Wachstum, das begeistert?
Am meisten begeistern sich die Investmentbanker über das von ihnen prognostizierte Wirtschaftswachstum. Da Indien das einzige Land weltweit sei, das ab 2023 jährlich über 400 Milliarden US-Dollar Wachstum haben werde und mehr als 500 Milliarden ab 2028, müsse die indische Ökonomie ins Zentrum der Aufmerksamkeit der Investoren rücken.
Wer allerdings auf die physische Seite dieser Prognosen blickt, kann ein gewisses Gefühl der Unbehaglichkeit wahrscheinlich kaum unterdrücken: Ein Viertel des Wachstums der Automobilverkäufe werden auf Indien entfallen, und 2030 sollen 30 Prozent aller Personenfahrzeuge Stromer sein. Der Energieverbrauch werde bis dahin um etwa 60 Prozent ansteigen, was Investitionen von über 700 Milliarden US-Dollar nötig mache.
Zwar verfügen mittlerweile alle der mehr als 600.000 Dörfer Indiens über einen Zugang zum Stromnetz. Doch die Herausforderungen auf dem Weg zu einer modernen – geschweige denn inklusiven – Infrastruktur sind erheblich, wie etwa Standard & Poor schreibt.
Übrigens stammen derzeit drei Viertel des Stroms in Indien aus Kohle und rund 20 Prozent aus erneuerbaren Energien (Stand 2021). Die Umweltprobleme auf dem Subkontinent sind weiter enorm. Telepolis hat immer wieder darüber berichtet.
Große Hürden
In der Studie der US-Banker wird auch auf die "signifikanten Effekte" hingewiesen, die das zu erwartende Wirtschaftswachstum auf die Nachfrage im Wohnungsmarkt und nach Gewerbeimmobilien haben dürfte. Diese Aussicht bereitet den allermeisten Inder:innen dagegen sicherlich schlaflose Nächte.

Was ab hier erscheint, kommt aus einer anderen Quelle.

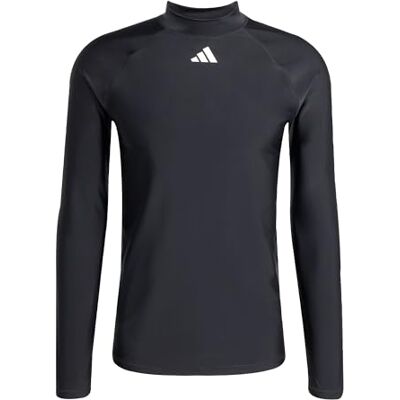 Adidas Hombre Long Sleeves Rashguard Swimwear, Black/White, XS Adidas Hombre Long Sleeves Rashguard Swimwear, Black/White, XS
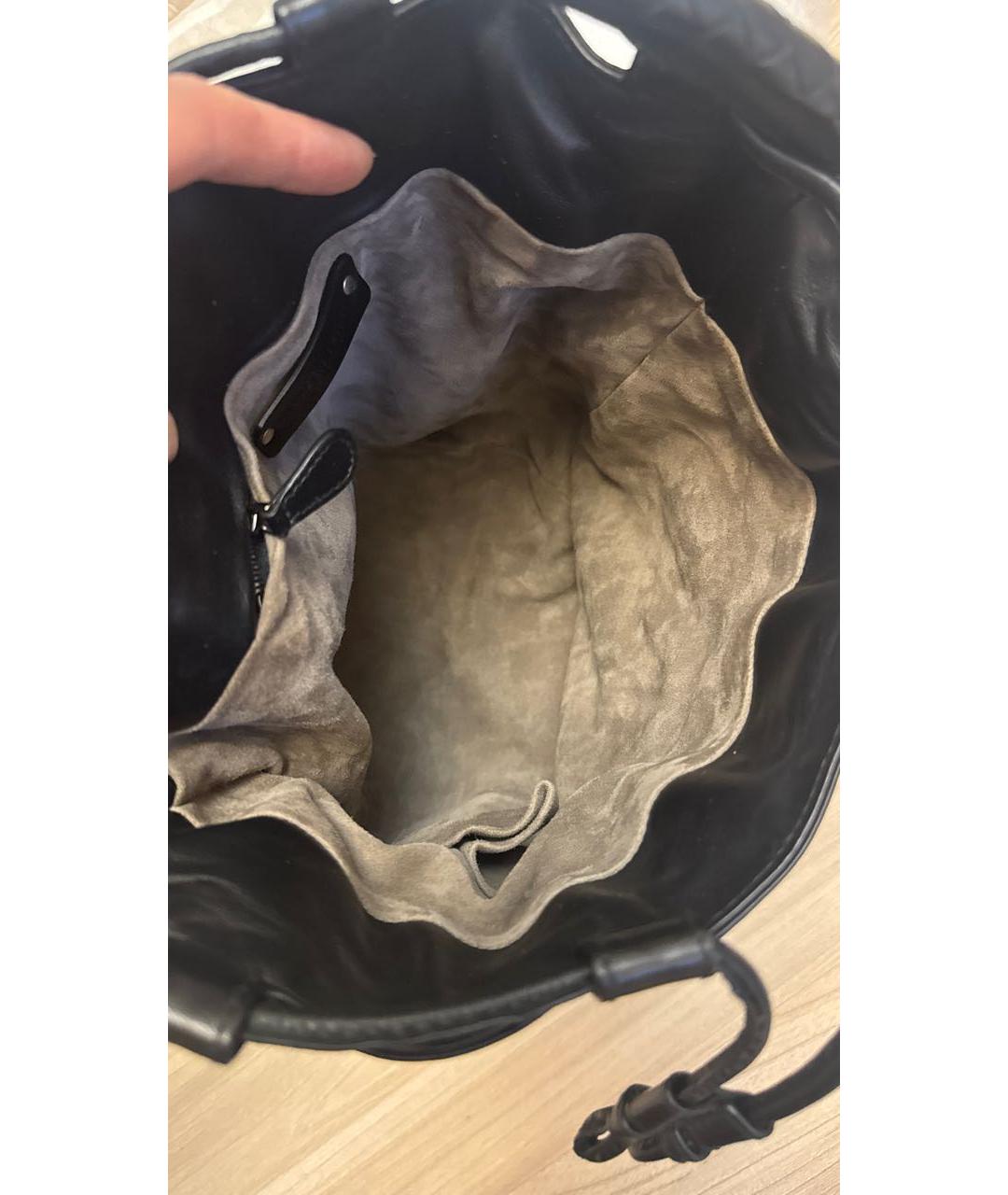 BOTTEGA VENETA Черная кожаная сумка тоут, фото 4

Denn die Situation vor allem in den extrem dicht bevölkerten Städten ist schon heute beängstigend. Im Großraum Delhi sind die Preise für Land von Mitte 2021 bis Mitte 2022 um zehn Prozent und die für Wohnimmobilien um 20 Prozent gestiegen. Seit 2019 sind die Preise für Land in Indien zwischen 30 und 40 Prozent gestiegen.
Fragen der sozialen Entwicklung spart Morgan Stanley fast vollständig aus. Der Bericht erwähnt lediglich, dass der Anteil der Nutzer:innen im Gesundheitssystem in den nächsten zehn Jahren von heute 30 bis 40 Prozent auf 60 bis 70 Prozent steigen könne. Aspekte wie Armutsbekämpfung fehlen. Auch die wirtschaftlich durchaus relevante Tatsache, dass Indien die größte Ungleichheit bei der Entlohnung zwischen Männern und Frauen in ganz Asien aufweist, hat in den Erwägungen der Investmentbanker keinen Platz.
Sollte der derzeitige Trend anhalten, könnte Indien in den nächsten zehn Jahren zur drittgrößten Volkswirtschaft der Welt aufsteigen. Dass sich die Prognosen der US-Banker allerdings in vollem Umfang bewahrheiten, muss derzeit als zu optimistisch gelten.